- Born: 28 August 1954 (age 72) Saigon, Vietnam
- Citizenship: Australian
- Education: Griffith University
- Scientific career
- Fields: Polymer chemistry
- Workplaces: CSIRO Monash University

= San Thang =

Thang Hoa San (Thang Hoa Sân, 湯華燊; born 28 August 1954) is an Australian chemist of Chinese-Vietnamese background.

== Background ==
Thang was born in Saigon in 1954 to Chinese parents who migrated to Vietnam in the 1930s. He completed his Bachelor of Science at Saigon University in 1976, and worked as a chemist at SINCO, a sewing machine manufacturer. In 1979, Thang left Vietnam as a refugee from the Vietnam War, and spent five months in a refugee camp in Malaysia before arriving in Brisbane, Australia later in the year. He enrolled at Griffith University where he completed an Honours degree in chemistry and a PhD in organic chemistry.

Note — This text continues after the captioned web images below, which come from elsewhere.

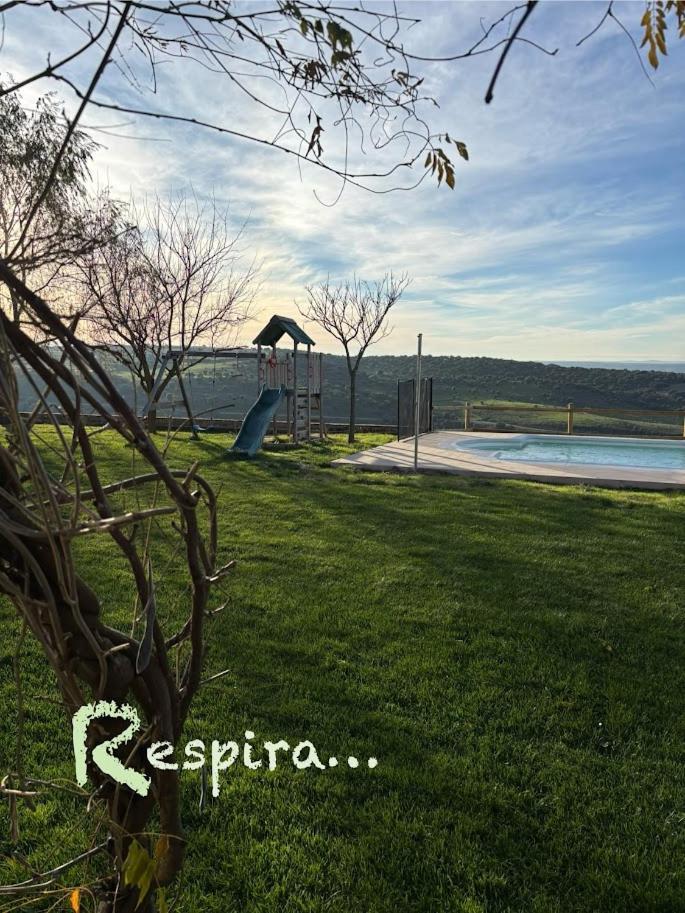 Casa Rural Explora, Pastores ภายนอก รูปภาพ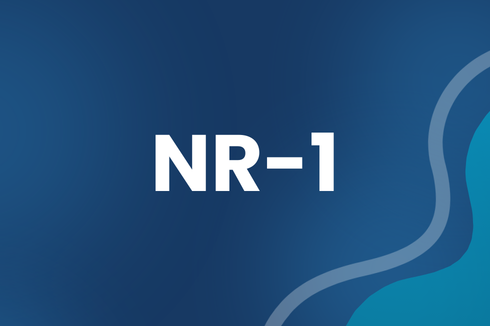 Maio está chegando. Sua empresa já analisou os impactos da NR-1?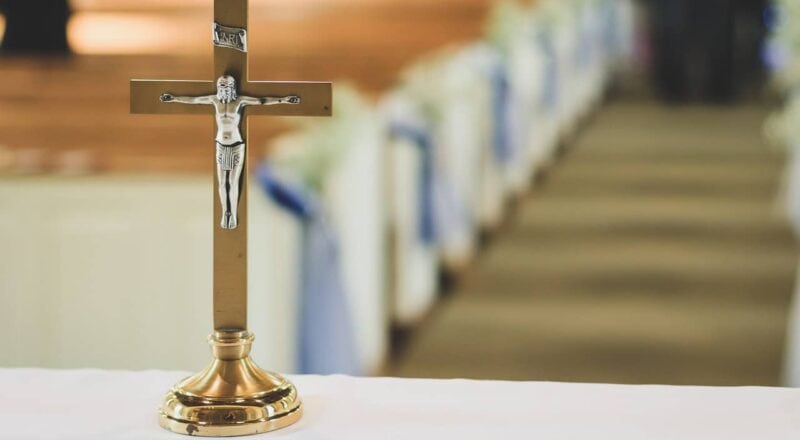 christliche Feiertage im Jahreskreis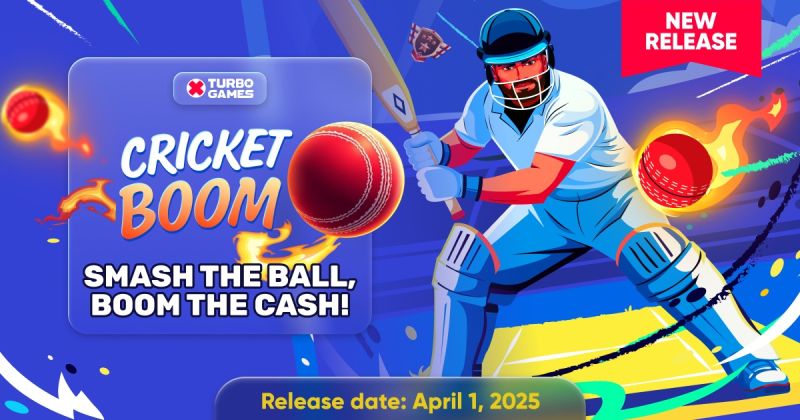 Cricket Boom Demo version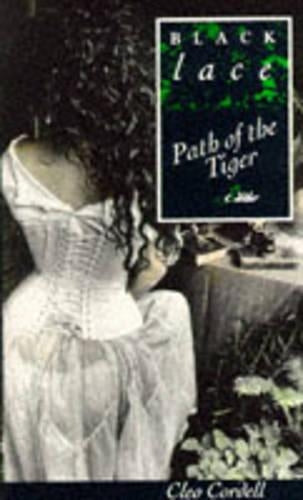 Path of the Tiger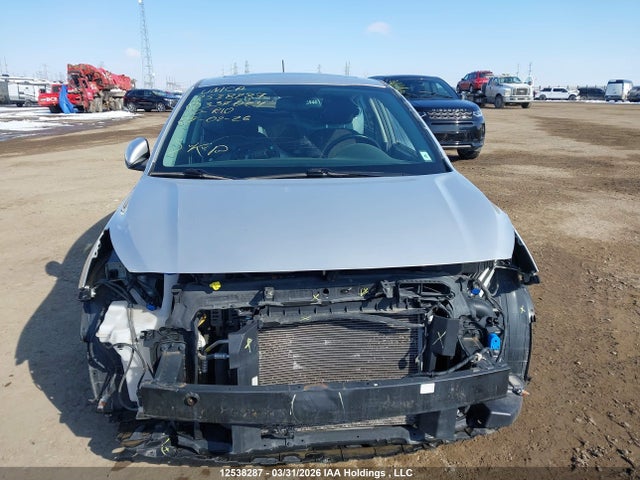 3KPA35AD1LE337024 KIA Rio Ex/ex Sport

In 1986, Thang joined the CSIRO, the Australian government's scientific agency. In 1987, he left to join ICI Australia, but returned to CSIRO in 1990. In September 2014, research by Thomson Reuters for their citation laureate prize named Thang as one of a trio of CSIRO scientists (together with Ezio Rizzardo and Graeme Moad) most likely to be contenders for the Nobel Prize in Chemistry for their work in co-developing the reversible addition−fragmentation chain-transfer polymerization (RAFT) process. The three had shared the ATSE Clunies-Ross Award earlier that year. However, in December that year, Thang revealed that he had been laid off by the organisation in September, but had continued to work there unpaid in an honorary position. He later worked as a professor for Beijing University of Chemical Technology, and in May 2015, joined Monash University as a professor of chemistry and was elected as a Fellow of the Australian Academy of Science.